Laboratory of Chemoinformatics, UMR 7140 CNRS, University of Strasbourg, 1, rue Blaise Pascal, 67000, Strasbourg, France.
Laboratory of Chemoinformatics and Molecular Modeling, Butlerov Institute of Chemistry, Kazan Federal University, Kremlyovskaya str. 18, 420008, Kazan, Russia.
Sci Rep. 2021 Feb 4;11(1):3178. doi: 10.1038/s41598-021-81889-y.

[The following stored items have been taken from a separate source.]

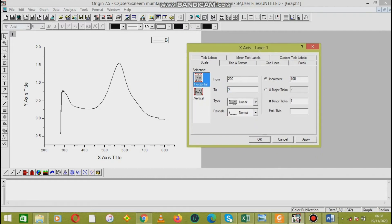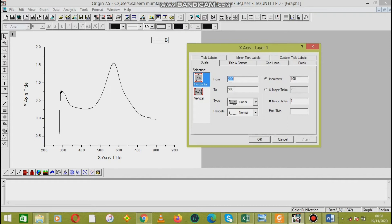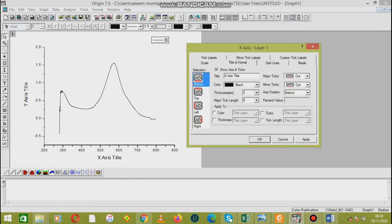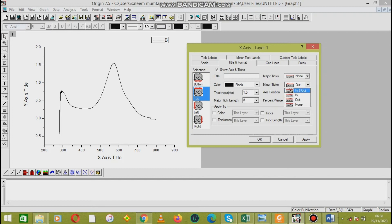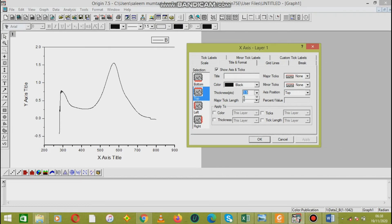Now we move towards the axes from the top and from the right side. We change the thickness to about two, and from all sides we change the thickness of the graph to about two.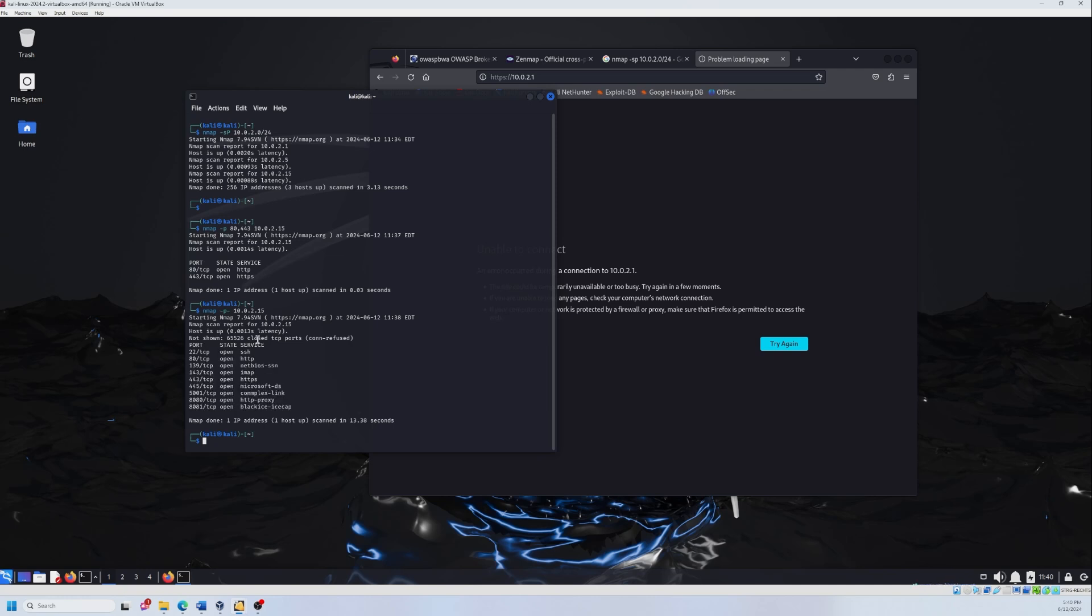Now let's move to the fourth scan, which is the TCP SYN scan, a stealth scan. So it's not that noisy. And it's one of the most common Nmap scans. It works as following: This scan sends SYN packets to the target ports and analyze the response to determine if the port is open, closed or filtered. So let's test it and see how it works.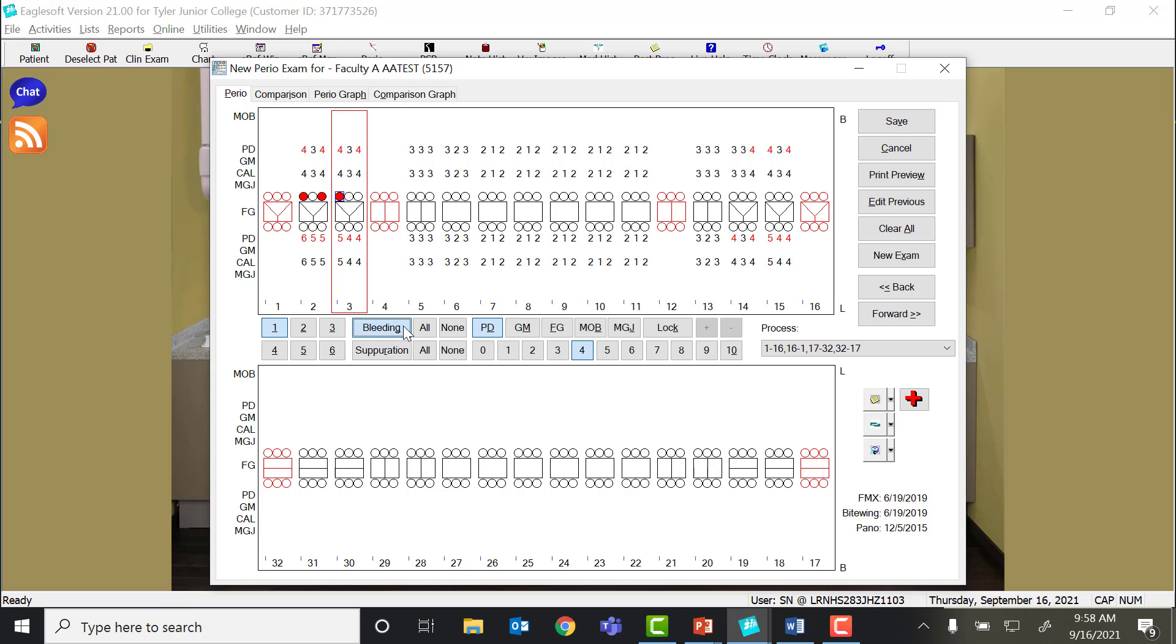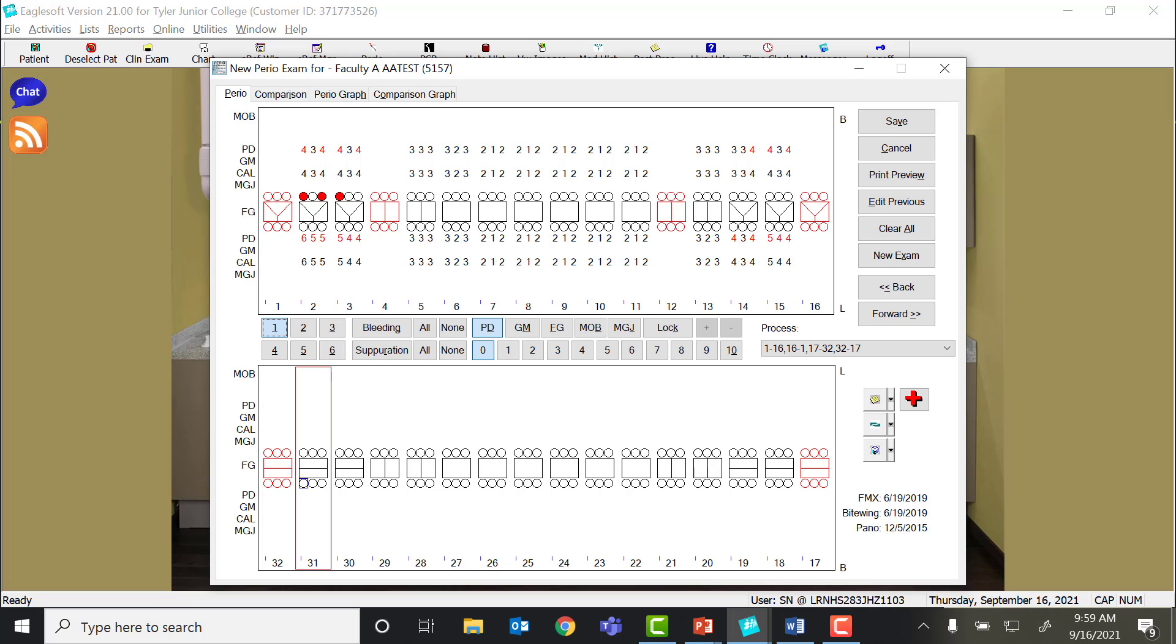If you look at the word bleeding, the letter G is underlined. And so the shortcut for bleeding would be G and then the number. So if I do G7, it will automatically do the bleeding point in that tooth.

The "creativity" of Artificial Intelligence (AI) in terms of generating de novo molecular structures opened a novel paradigm in compound design, weaknesses (stability & feasibility issues of such structures) notwithstanding. Here we show that "creative" AI may be as successfully taught to enumerate novel chemical reactions that are stoichiometrically coherent. Furthermore, when coupled to reaction space cartography, de novo reaction design may be focused on the desired reaction class. A sequence-to-sequence autoencoder with bidirectional Long Short-Term Memory layers was trained on on-purpose developed "SMILES/CGR" strings, encoding reactions of the USPTO database. The autoencoder latent space was visualized on a generative topographic map. Novel latent space points were sampled around a map area populated by Suzuki reactions and decoded to corresponding reactions. These can be critically analyzed by the expert, cleaned of irrelevant functional groups and eventually experimentally attempted, herewith enlarging the synthetic purpose of popular synthetic pathways.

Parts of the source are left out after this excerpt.